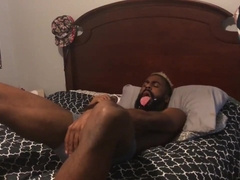 Bearded Black Stud Blows Huge Cum Load Down his Throat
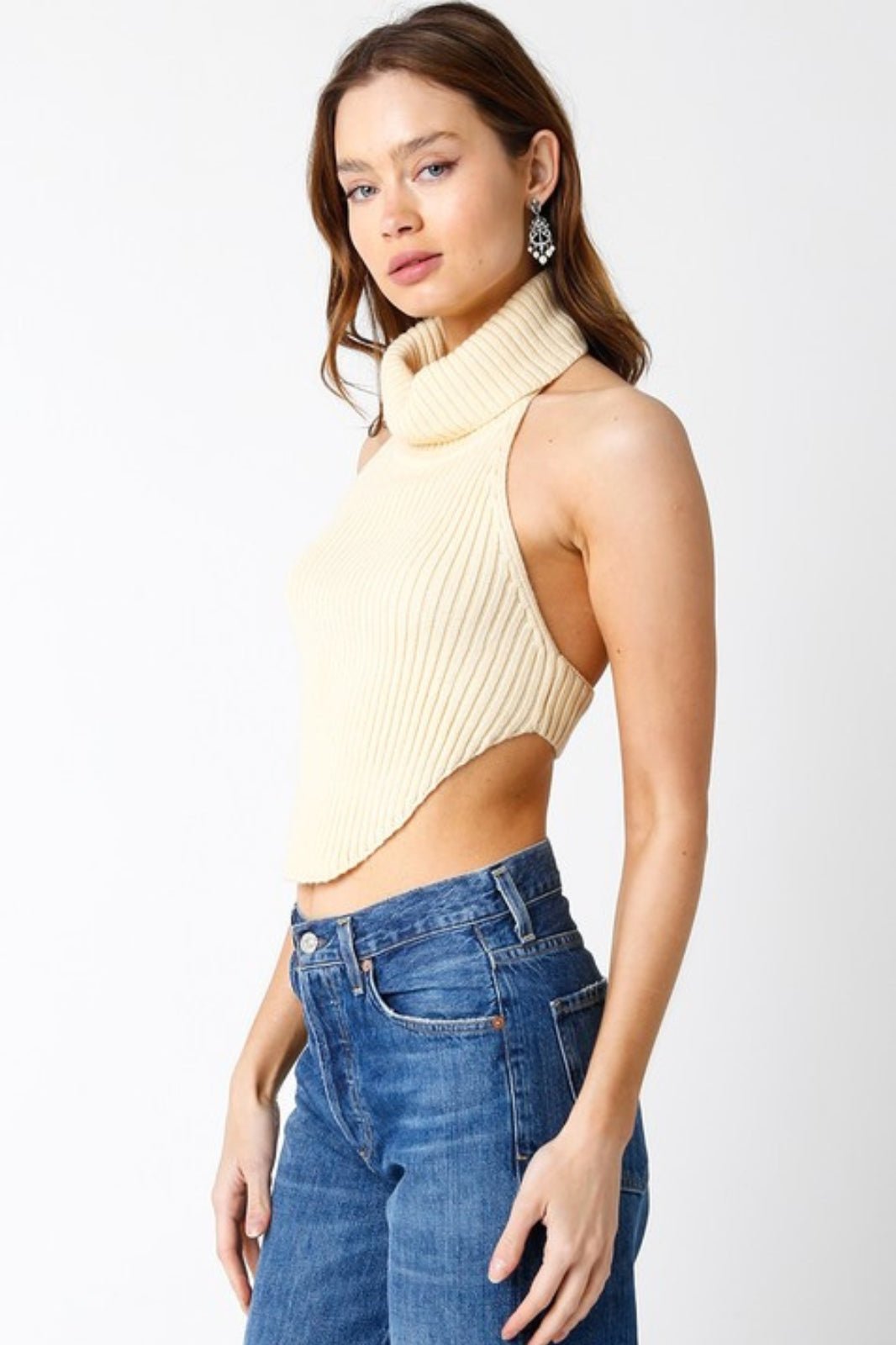 Cream Turtle Neck Halter Open Back Cropped Sweater Tops - STYLED BY ALX COUTUREShirts & Tops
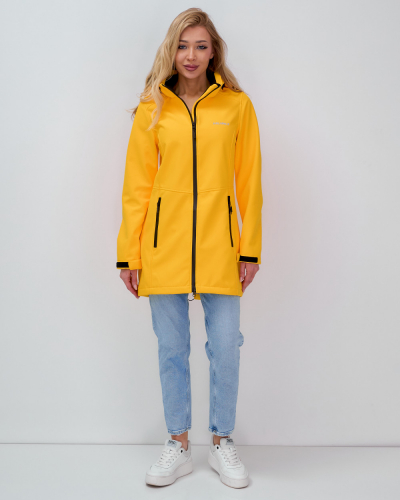 Парка спортивная женская с капюшоном softshell желтого цвета 9568J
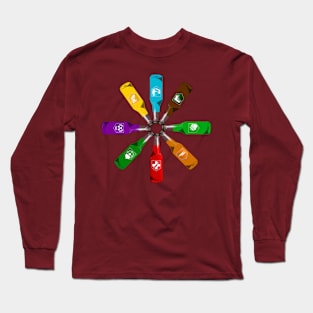 Zombie 8 Perk Pinwheel on Maroon Long Sleeve T-Shirt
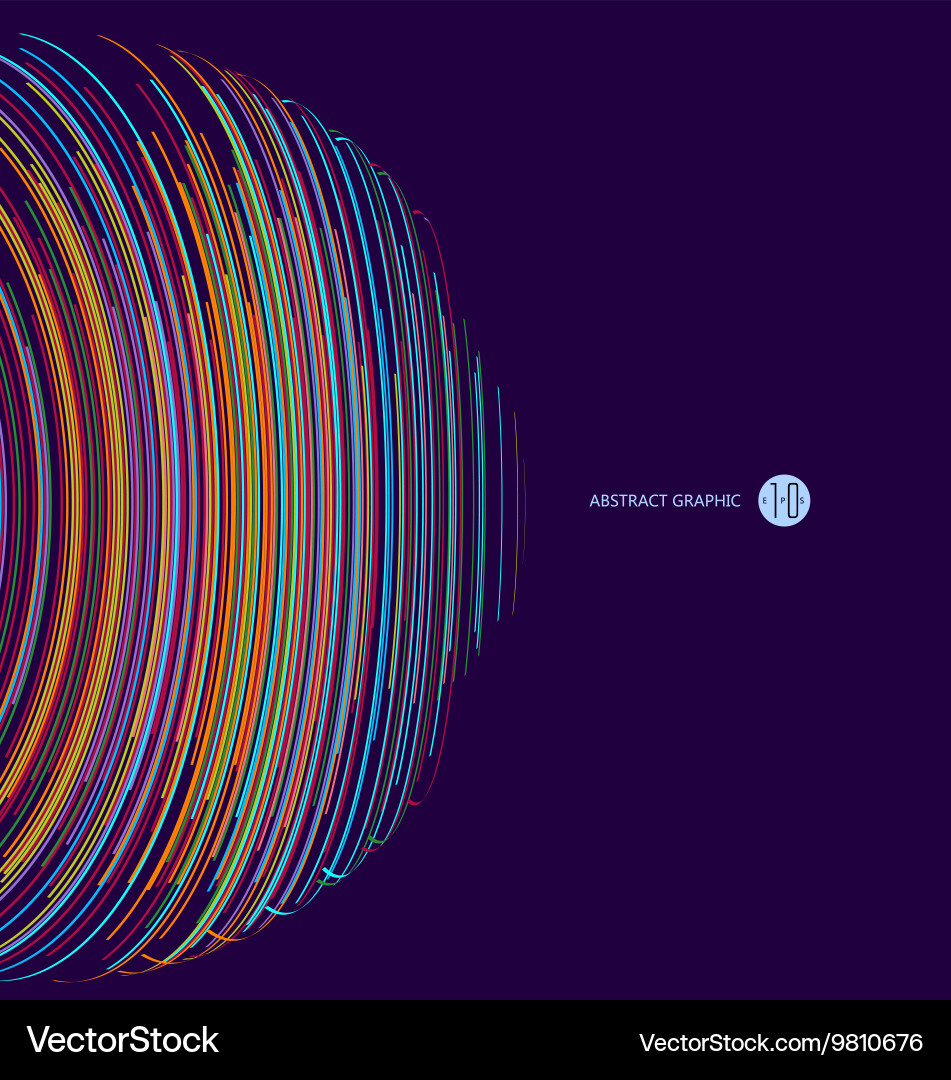 Three-dimensional sphere composed of multicolored vector image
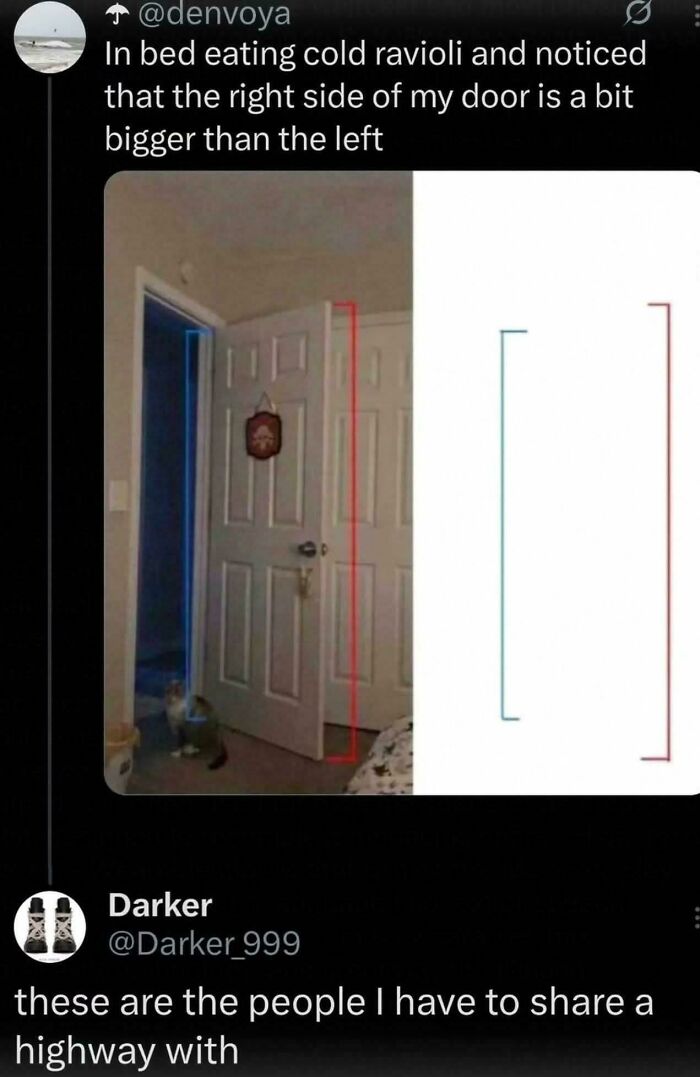 Tweet about door size difference with humorous highway sharing reply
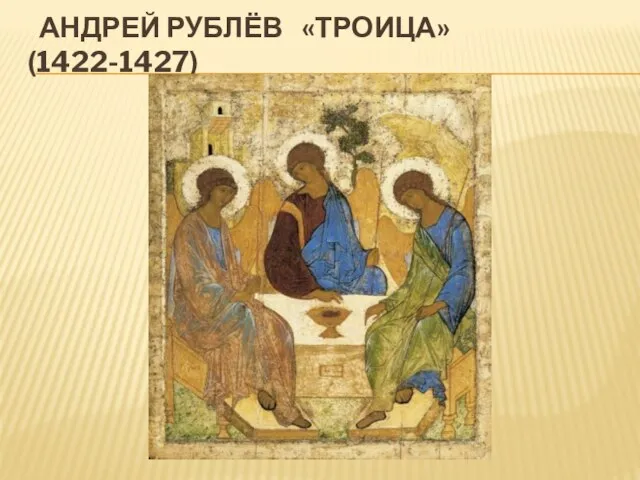АНДРЕЙ РУБЛЁВ «ТРОИЦА» (1422-1427)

[TASK PROMPT]
Output all the entries above verbatim, please. No images.

[EXERCISE OUTPUT]
 Bearded Black Stud Blows Huge Cum Load Down his Throat
 Cream Turtle Neck Halter Open Back Cropped Sweater Tops - STYLED BY ALX COUTUREShirts & Tops
 Парка спортивная женская с капюшоном softshell желтого цвета 9568J
 Zombie 8 Perk Pinwheel on Maroon Long Sleeve T-Shirt
 Three-dimensional sphere composed of multicolored vector image
 Tweet about door size difference with humorous highway sharing reply
АНДРЕЙ РУБЛЁВ «ТРОИЦА» (1422-1427)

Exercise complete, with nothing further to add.